Gary Keller would’ve been horrified if he witnessed me prepare this review. You see, his bestseller The One Thing admonishes we hyper-focus by eliminating distractions and zeroing in on our most crucial activity (singular), but during several attempts to pick and choose from some 20 sections I’d flagged, there were texts pinging, phones ringing, stock tickers dinging, and Verizon sales reps slinging, with yours truly winging away. No irony was lost as I worked on distilling the essence of this 225-page paperback down to a few paragraphs, taking probably three times longer than it should have because of – as the Grinch would say – all the noise noise noise noise noise. With no Whos down in Whoville to blame, I applied Keller’s advice and merely time-blocked: a couple quiet, early morning hours set aside to knock this assignment out. That it took so long to recognize I’d been doing the exact opposite of a just-read-and-revisited book’s theme was, shall we say, illuminating.

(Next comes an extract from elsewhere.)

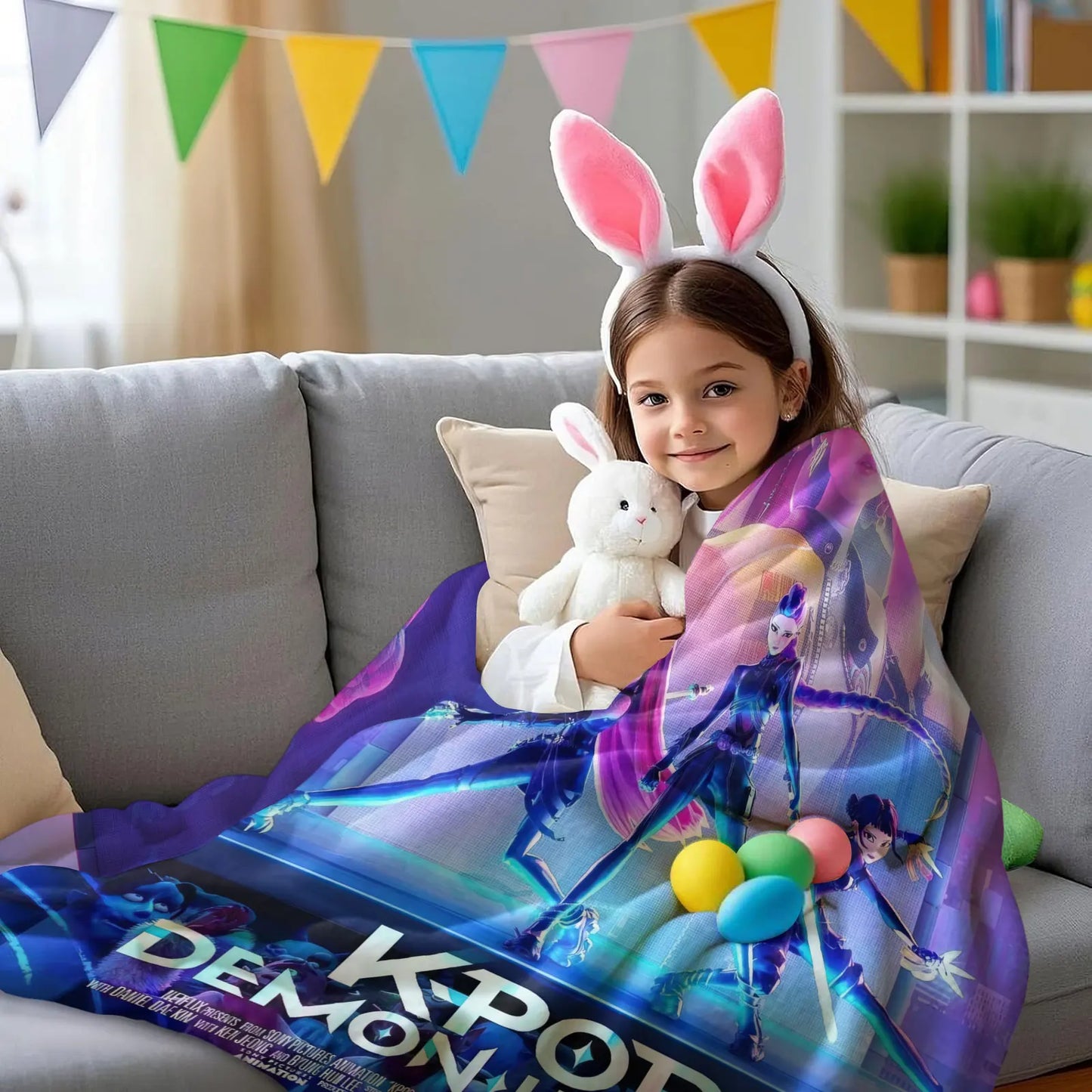 K Pop Demon Hunters Flannel Blanket Cyberpunk-style Plush Throw Blanket Fans Gift for Home Leisure Sofa Bed Cover Travel Camping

The book abounds with takeaways, some serving as “yeah, no shit, Sherlock” reminders with other parts much fresher. Sure, you know you’ve got to work on saying no to stuff that in weak moments you’ve agreed to (and then kicked yourself repeatedly), and as outlined under the clever heading Much To-Do About Nothing it’s suggested we stop with all the box-checking busy work and keep a far shorter “should do” list. Done. What gives the reader pause is this Keller challenge: “What’s the one thing I can do such that everything else will be easier or unnecessary?” Drink that in. Can you answer it? Odds are the survey says… BZZZZT! Most of us don’t know how to address what is called The Focusing Question, but Jerry Seinfeld does. The comedian’s “one thing” is to write jokes every single day. He keeps an old school wall calendar and once the funny stuff goes from his head to the page, he gets to draw a big red X through that day’s square. Seinfeld can then take a cruise in one of his sports cars or write more jokes, but the obsessive pattern is this: never break the chain. “The system is designed to bring your biggest goal to the now and simply focus on making the next X.” Got it?
From there, we’re on to asking a subsequent big & specific question then finding a great answer. An example of the former is, “What can I do to double sales in six months?” What makes the book compelling is the author’s credibility for such loftiness: as cofounder & chairman of Keller Williams Realty International, you know he’s moved some inventory and helped coach countless others to go and do likewise. The answer is then chunked as Doable, Stretch, and Possibility with not much need for elaboration here outside of stressing the clear mission of barrier breaking. “Highly successful people choose to live at the outer levels of achievement,” it says in Chapter 12. “They not only dream of but deeply crave what is beyond their natural grasp.” As painful as it is to turn off Matty in the Morning and CNBC, and to put the phone way over there, Keller has forced me to rethink productivity and to commit that come hell or high water this well-defined particular thing will happen without fail every working day. May Santa bring us all an ample supply of red Sharpies.